Exercise objective>
Repeat the listing below verbatim, without its images.

The data>
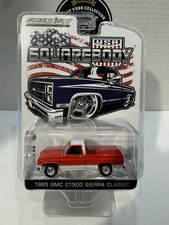 GreenLight Squarebody USA 1985 GMC C1500 Sierra Classic Red/Silver 1:64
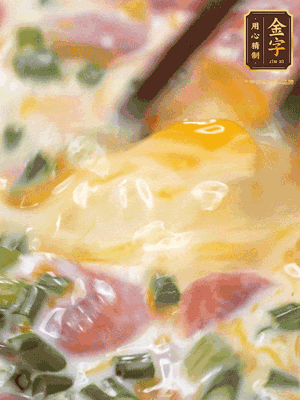 三個(gè)全蛋中加適量牛奶、鹽、黑胡椒粉、臘腸、蔥花攪拌均勻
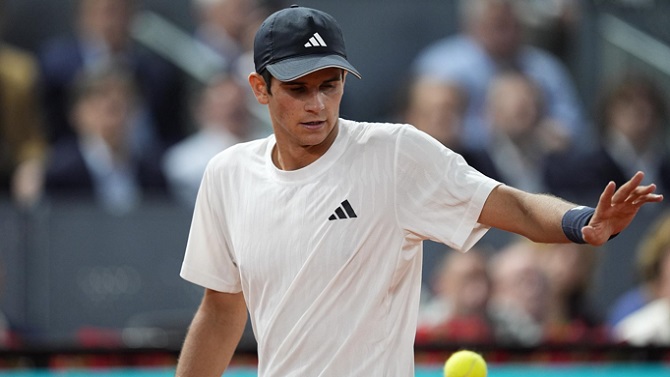 El español Rafa Jódar sabe sufrir en París y se mete en tercera ronda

Answer to the problem>
 GreenLight Squarebody USA 1985 GMC C1500 Sierra Classic Red/Silver 1:64
 三個(gè)全蛋中加適量牛奶、鹽、黑胡椒粉、臘腸、蔥花攪拌均勻
 El español Rafa Jódar sabe sufrir en París y se mete en tercera ronda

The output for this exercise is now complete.